Psoriasis, a skin disease, is another disorder which often yields to dietary restrictions. "I have found that my psoriasis patients do much better when I take them off dairy products and anything with gluten in it. That includes wheat, oats, barley and rye."

All doctors treat diabetes at least partly with diet, and Dr. Solomon is no exception. "I give diabetics the conventional diet: no sugar, no honey, no molasses, more protein. I also substitute whole grain bread for white bread. And I give them a supplement of brewer's yeast because it has been shown that diabetics are low in chromium, and brewer's yeast is the best source." Dr. Solomon recommends a daily dose of brewer's yeast as one of the best all-around nutritional supplements. "It not only contains all the B vitamins, but is a cheap source of protein. So you're getting all three things at once."

Dr. Solomon's treatment for patients with heart conditions focuses on lowering their cholesterol and triglyceride levels. "I always prescribe a low-carbohydrate diet for my patients with heart troubles. If they must eat bread, I only allow them to eat bread, I only allow them to eat whole wheat bread. I also give my heart patients niacin, a B complex vitamin, because it is a natural vasodilator...it improves circulation. If nutrition doesn't work then I go to drugs, but only after I've tried nutrition first." But Dr. Solomon puts another aspect even before nutrition.
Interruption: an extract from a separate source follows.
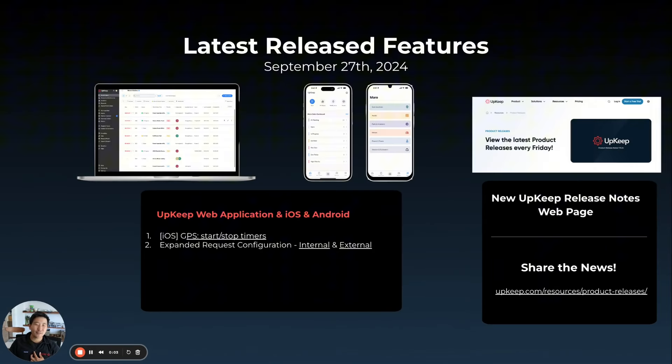Hey, everyone. My name is Ryan. I'm the CEO and founder here at Upkeep, and it is release Friday once again, September 27th — got some big things to share with you all. First up on iOS, we've updated and improved our GPS start and stop timers. This is just helping you, our customers, keep better track of all of your work orders and keep time on all of them to get better reporting and analytics.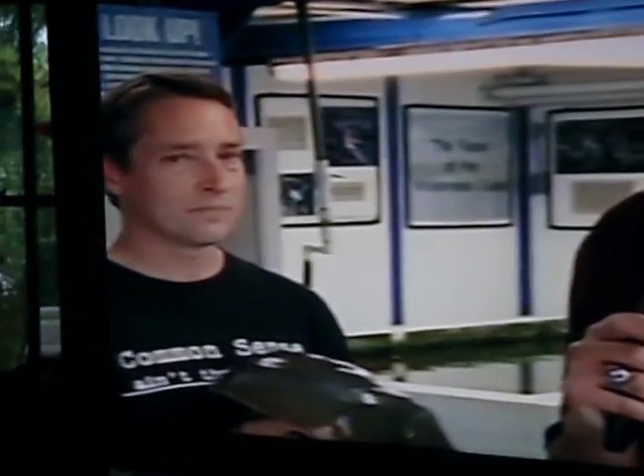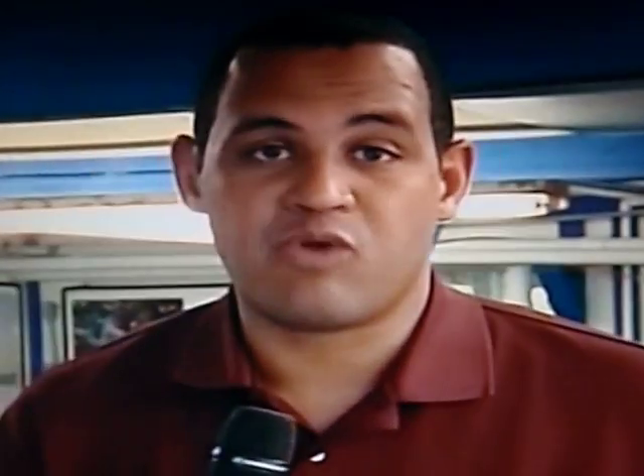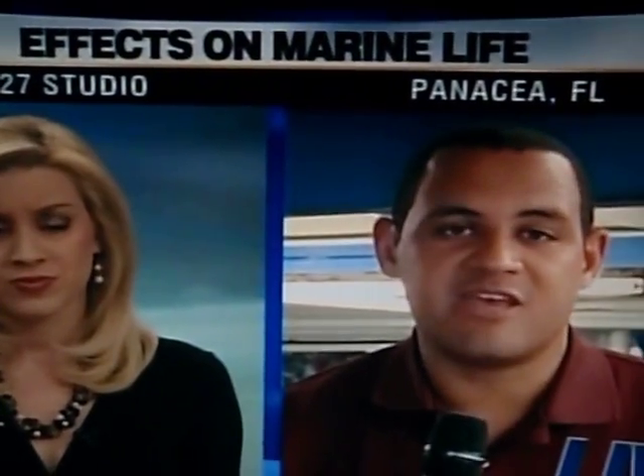Thank you very much, Victor, for your information about the harm that could be done by the oil to some of the animals. And of course, if there are any more developments from here, we'll certainly bring them to you as the situation develops. Live in Panacea, I'm Chief Meteorologist Cassanova Nurse. Back to you.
"I must say that over and above the physical aspects of healing there is the mental aspect...both the attitude of the patient and my attitude. If the patient has a negative attitude toward the possibility of his being healed, or if he dwells on his disease, moping and pouting in self-pity, constantly complaining, then although nutrition will of course help, it will be very difficult for that person to get better. Of course, she added with a smile, I don't have any controlled studies that actually prove this. But over and over again I have seen patients with positive attitudes quickly improve, while patients with negative attitudes continue to be sick.

"It's really fulfilling to see my patients improve, she continued. Not all of them do, of course. But many, many come back to me after three or six months of eating very little junk and taking supplements and they are, well, new people. They're alive again, not just merely living. They have purpose, energy, they are enjoying themselves instead of barely making it. So many doctors can do nothing more than keep their patients...if the disease is serious....from death's door, and often worsen or simply mask a patient's illness with drugs. But in my practice people actually become healthy. And that makes my work tremendously enjoyable."